▶ **Data**:
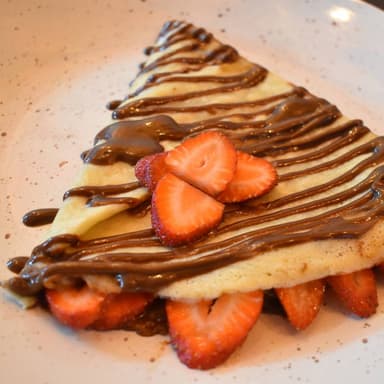 Crepe De Chocolate Con Fresas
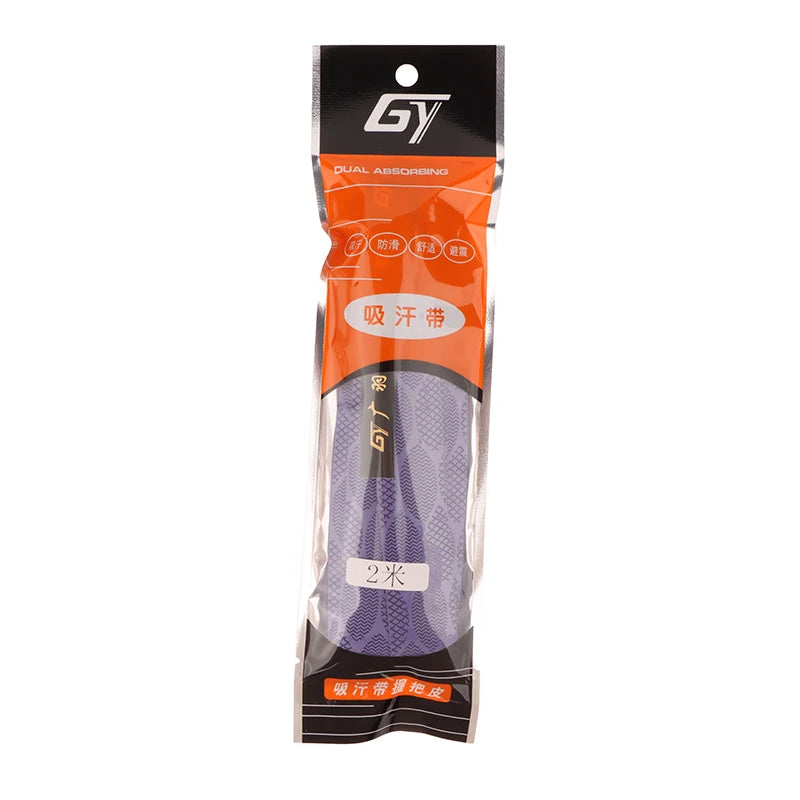 2M Anti-slip Sport Fishing Rods Over Grip Sweat Band Griffband Tennis Qme Purple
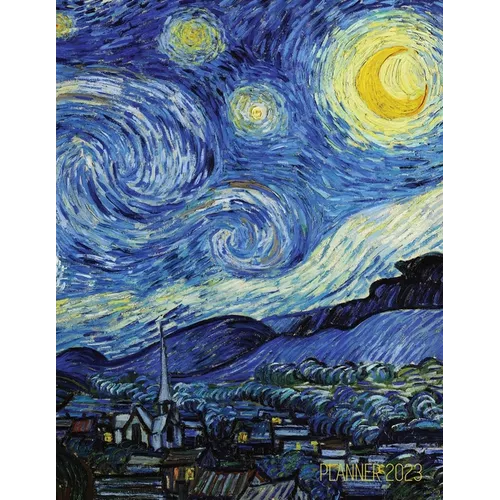 Vincent van Gogh Planner 2023: Starry Night Planner Organizer January-December 2023 (12 Months) Post-Impressionism Art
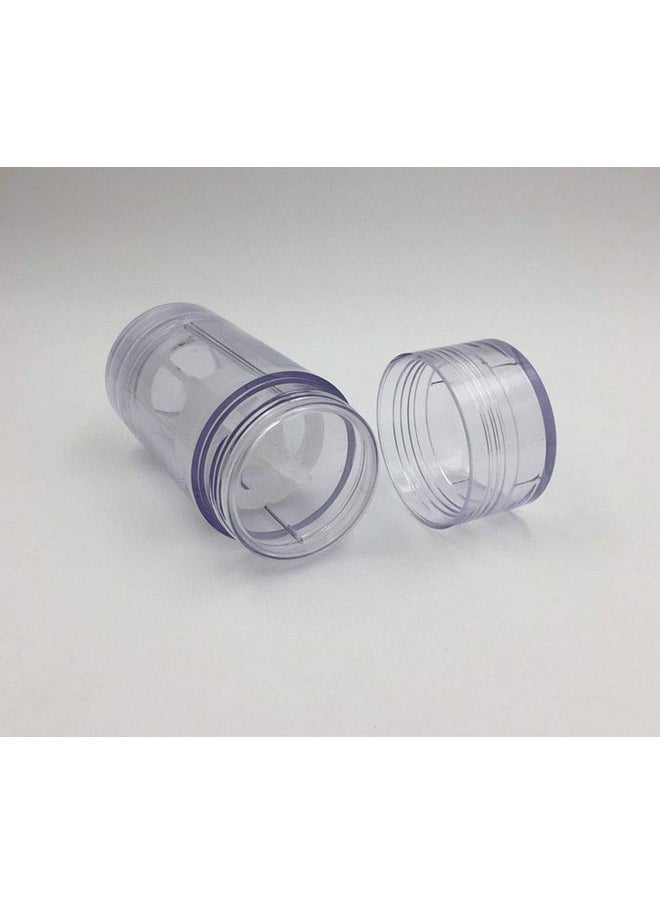 Pinklife 1 Oz(30Ml) Twist-Up Deodorant Containers,5 Pcs Clear Empty Deodorant Bottles Lip Balm Tubes Fot Diy Travel  - Image 2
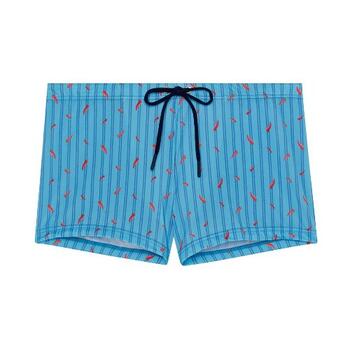 HOM Swimwear Espelette Swim Shorts Turquoise Print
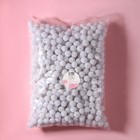 Бусины «Ежевика», d=12 мм, 500 г, белые - Фото 3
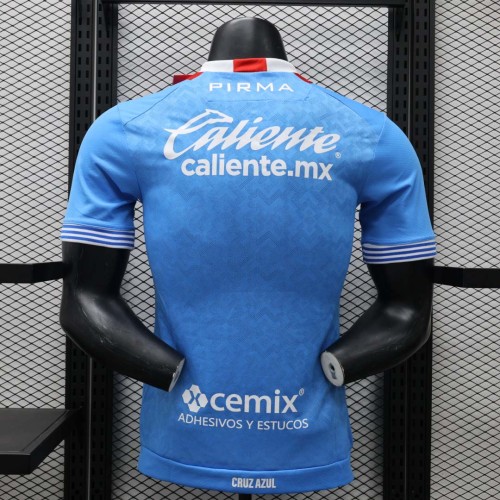 2024/2025 Player Version Cruz Azul Home Jersey 1:1 Thai Quality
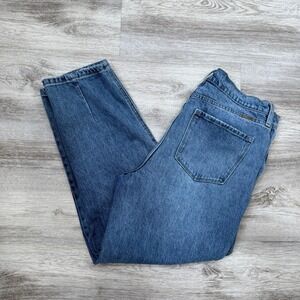 Kancan High Rise Mom‎ Jeans Size 29 Cropped Medium Wash Denim Cotton Blend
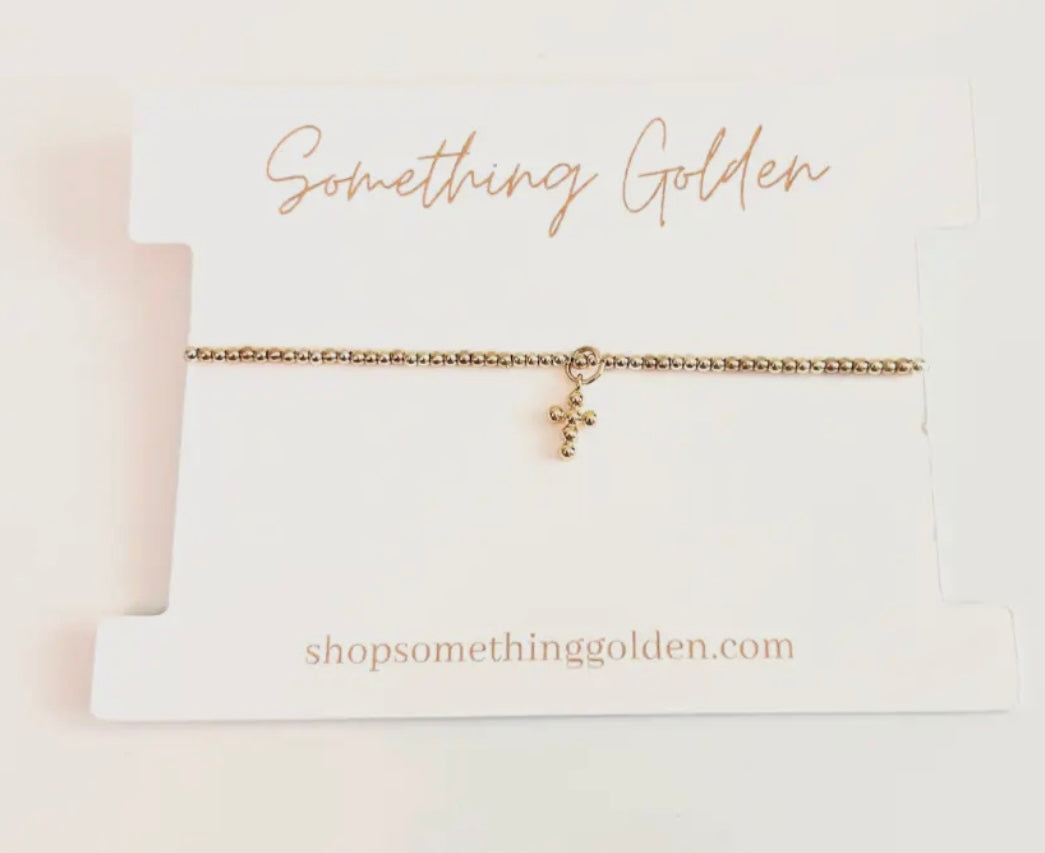 SG | Dainty Cross Charm Bracelet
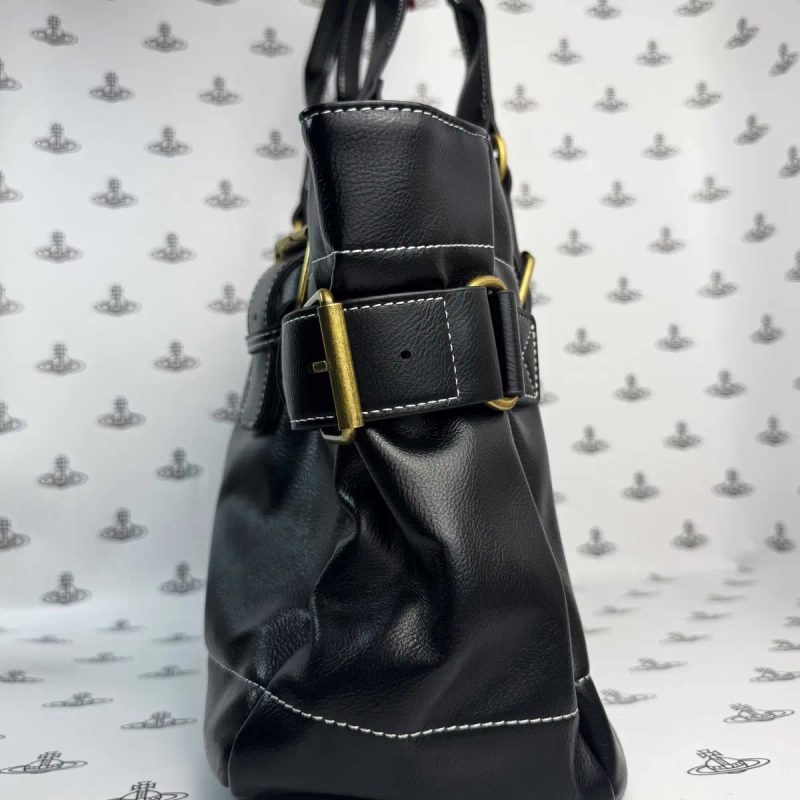 ЗНИЖКА! Сумка Vivienne Westwood Big Leather Vintage Bag Чорна Вів'єн Вествуд — фото 2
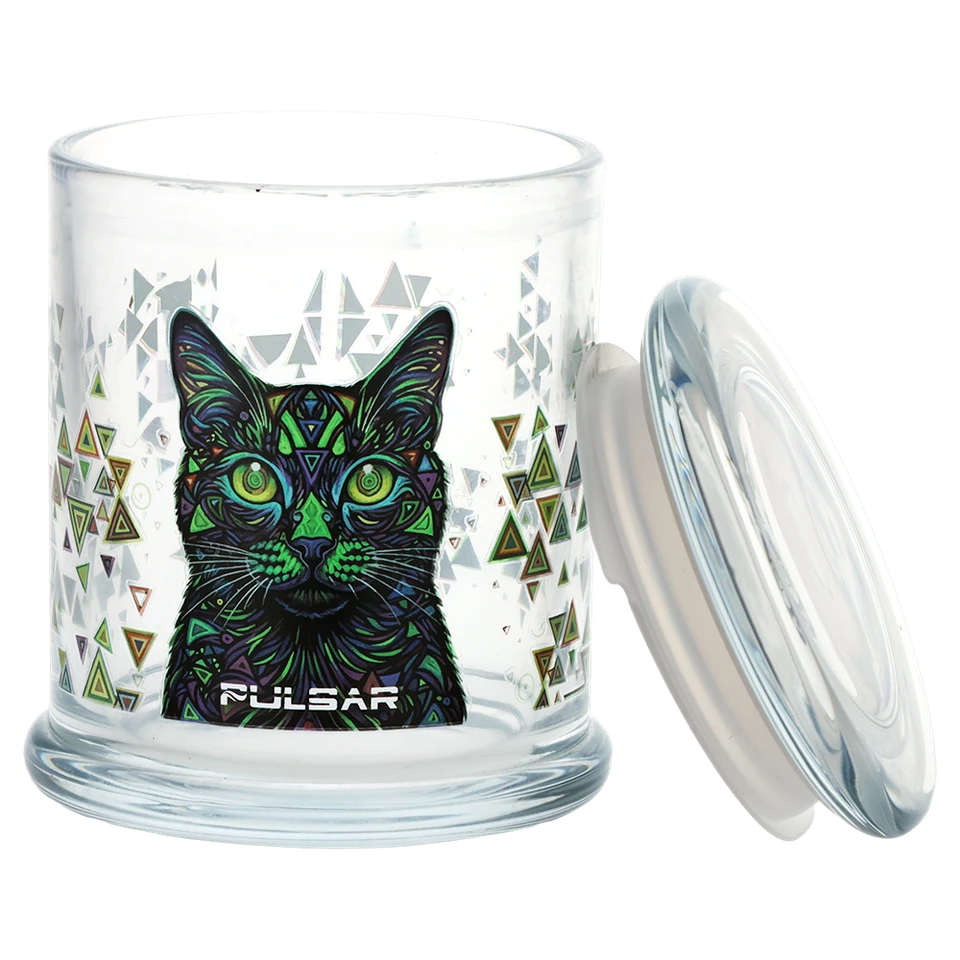 Image for Storage Pulsar Pop Top Glass Jar Catatonic Large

▶ **Exercise requirements**:
The copy must start at the line containing "HOM Swimwear Espelette" and stop at the last line of the listing, both included, with every line exact and no pictures.

▶ **Your response**:
 HOM Swimwear Espelette Swim Shorts Turquoise Print
 Бусины «Ежевика», d=12 мм, 500 г, белые - Фото 3
 2024/2025 Player Version Cruz Azul Home Jersey 1:1 Thai Quality
 Kancan High Rise Mom‎ Jeans Size 29 Cropped Medium Wash Denim Cotton Blend
 SG | Dainty Cross Charm Bracelet
 ЗНИЖКА! Сумка Vivienne Westwood Big Leather Vintage Bag Чорна Вів'єн Вествуд — фото 2
 Image for Storage Pulsar Pop Top Glass Jar Catatonic Large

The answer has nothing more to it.